Un periodo che per gli Shanti Powa non è stato facile: alla fine del 2018 si erano infatti autoimposti uno stop per riorganizzare la formazione che aveva visto allontanarsi alcuni componenti, il 2019 era stato dunque l’anno del ritorno in pista e il 2020 avrebbe dovuto veder concretizzato il nuovo disco, slittato invece fino ad oggi per i problemi legati alla pandemia e all’impossibilità di trovarsi a suonare (soprattutto quando si è in tanti come loro) e a promuovere questo Dreamers. Diciamo che almeno ne è valsa l’attesa, visto che per questo disco gli Shanti Powa, che finora si erano sempre egregiamente autoprodotti, hanno avuto l’onore di avere in cabina di regia Gaudi, uno dei produttori più richiesti ed affermati del globo terracqueo per quanto riguarda la musica dub, molto vicina al reggae e al ragamuffin dei ragazzi. La storia dell’incontro ha il sapore delle più belle leggende rock.
“Avevo contattato Gaudi via email tempo prima – è Berise, il cantante a raccontare ora – e poi ci siamo trovati in cartellone insieme al Boomtown Festival, lui su uno dei palchi principali, noi su uno più piccolo. Thomas ed io lo abbiamo incontrato dopo il suo spettacolo psychotrance e abbiamo parlato un po’ invitandolo alla nostra esibizione. In realtà non ci aspettavamo che venisse, invece era lì in prima fila e dopo il concerto ci ha raggiunti nel backstage con una bottiglia di tequila annunciando di volerci produrre perché gli piaceva la nostra attitudine punky, non comune nel mondo del reggae.”

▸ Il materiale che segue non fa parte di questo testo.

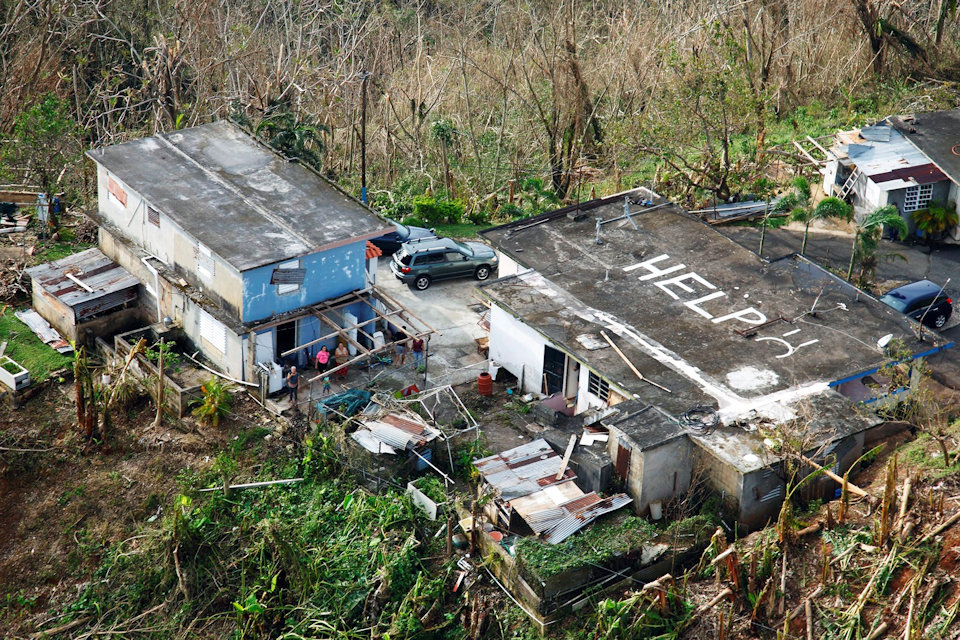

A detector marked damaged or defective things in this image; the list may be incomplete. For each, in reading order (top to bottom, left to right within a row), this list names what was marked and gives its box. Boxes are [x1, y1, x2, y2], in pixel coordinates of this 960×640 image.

damaged building [82, 122, 428, 388]
damaged building [478, 189, 952, 528]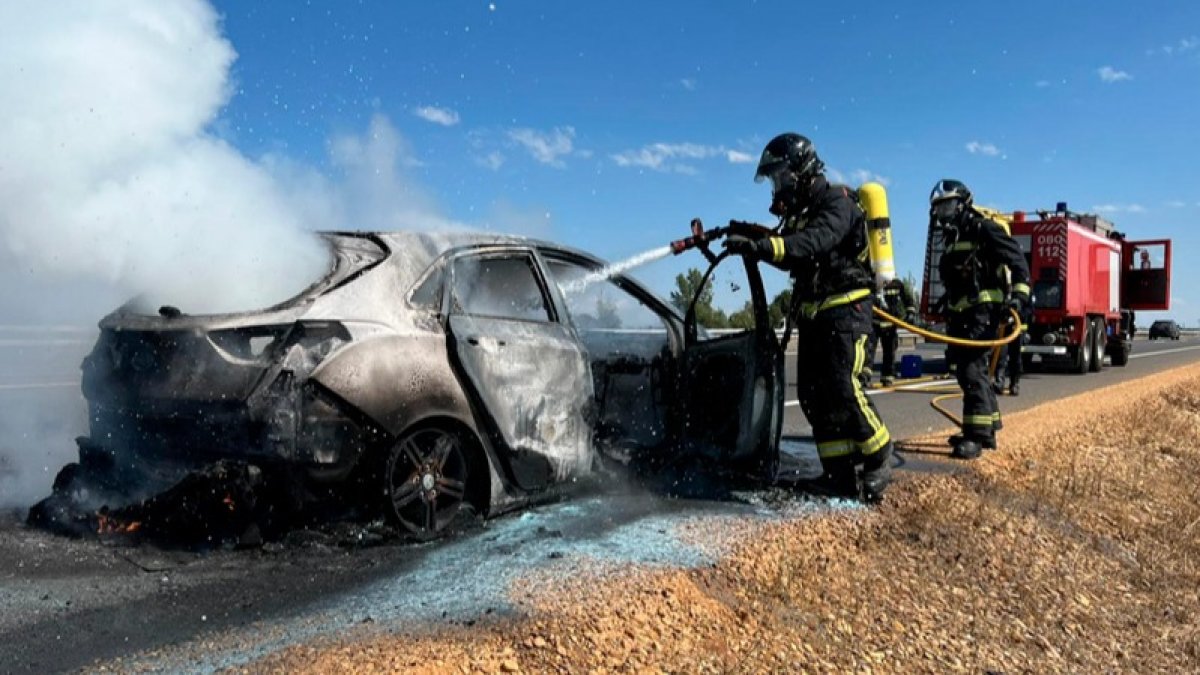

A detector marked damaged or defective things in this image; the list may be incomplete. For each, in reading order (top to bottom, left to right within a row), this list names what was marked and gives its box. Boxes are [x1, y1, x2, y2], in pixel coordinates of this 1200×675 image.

burned car [51, 232, 788, 540]
charred car door [442, 248, 592, 492]
charred car door [676, 251, 788, 478]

L’intesa tra il produttore e la band è stata subito notevole e il risultato che ora possiamo finalmente ascoltare ha del prodigioso, Gaudi è riuscito a colorare la ulteriormente la già variopinta miscela musicale della formazione bolzanina aggiungendo il suo enorme bagaglio di esperienza e le sei canzoni originali (presenti anche in versione dub) ne escono davvero a testa alta, da quella del singolo iniziale, Rainy Day, uscita anche su 45 giri, alla già citata Never Let Go alla cover della Uncertain Smile dei The The, la prima cover in assoluto per la band.

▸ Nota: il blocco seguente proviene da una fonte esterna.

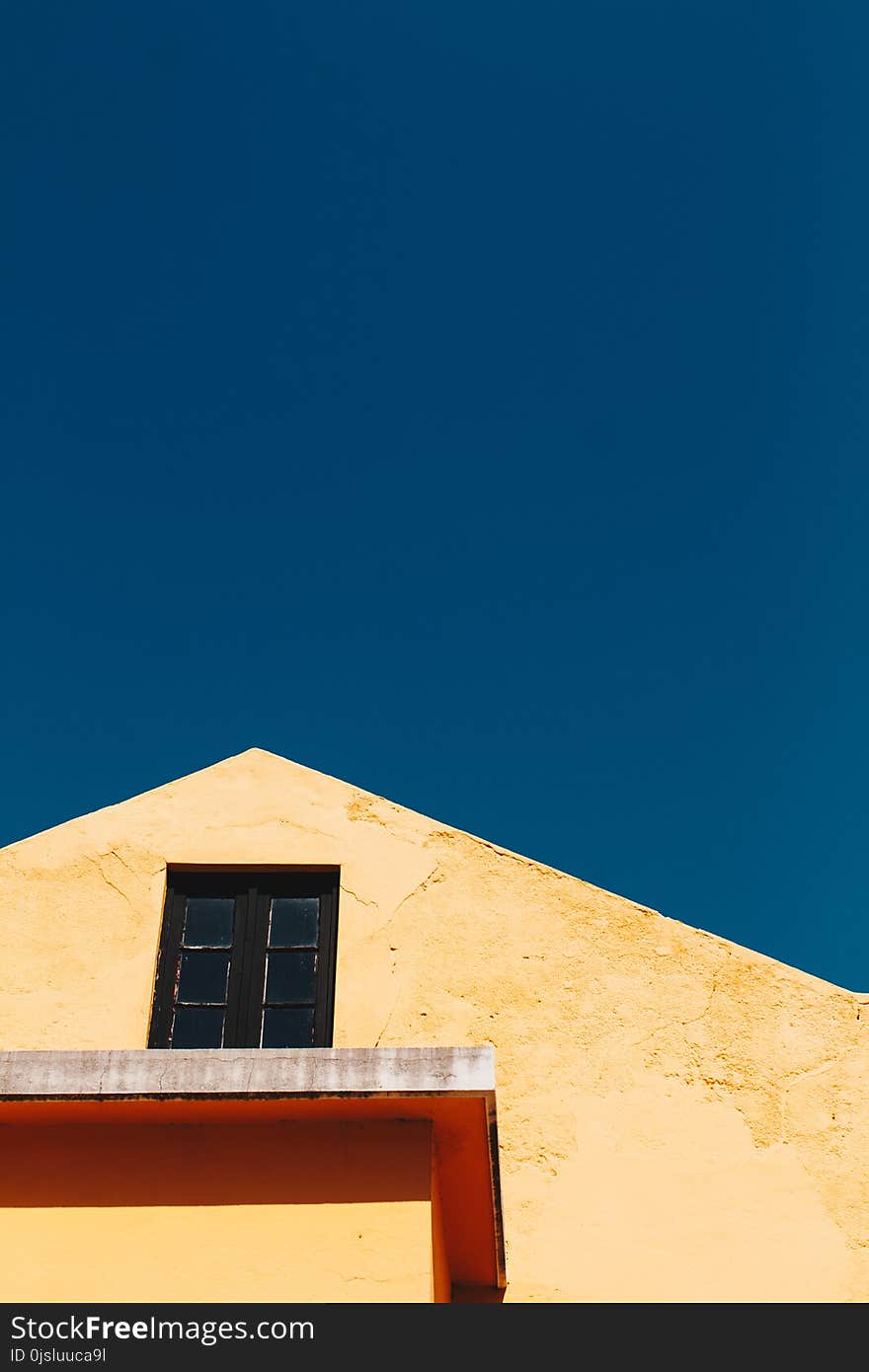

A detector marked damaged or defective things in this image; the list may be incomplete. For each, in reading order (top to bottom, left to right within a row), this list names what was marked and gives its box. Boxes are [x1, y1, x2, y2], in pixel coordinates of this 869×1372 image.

cracked plaster wall [1, 751, 867, 1295]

“Per la prima volta – parla ora il trombettista e backing vocalist Thomas Maniacco – abbiamo avuto l’occasione di lavorare con un produttore, per di più di talento sconfinato, ed è stata un po’ una sfida anche per noi lasciargli campo. Siccome poi è uno dei migliori dub-master in circolazione, fin dall’inizio si è deciso che di ogni brano ci sarebbe stata una dub-version. Quando uscirà il vinile una facciata sarà con le versioni originali ed una con quelle dub; a me piace pensare che è un po’ come ascoltare la stessa storia da due voci diverse e concepita con orecchie diverse. Come gli altri dischi anche questo lo abbiamo registrato nel nostro studio ad Aica di Fiè, un luogo. Siamo anche molto contenti di come la nuova formazione si è amalgamata: oltre a noi tre, c’è sempre il batterista Florian Gamper, che però ha deciso per un po’ di suonare a distanza, Lukas Pichler suona il basso e Fabian Pichler la chitarra, il nuovo DJ è Alessandro Tarabelli, mentre la sezione fiati si completa con Andreas Galante e Gabriele Marchettini, mentre al didgeridoo c’è sempre Sir Gulliver J. Klauser e dopo la registrazione del disco è tornato anche il chitarrista degli esordi (e dei primi tre dischi) Peter Burchia. Siccome poi nel nostro nuovo corso Berti è rimasto l’unica voce degli Shanti, nel disco ci sono ospiti diversi amici come Amelia Wattson, Tom Spirals, Raggabound, CW Jones e Danny Lawda.”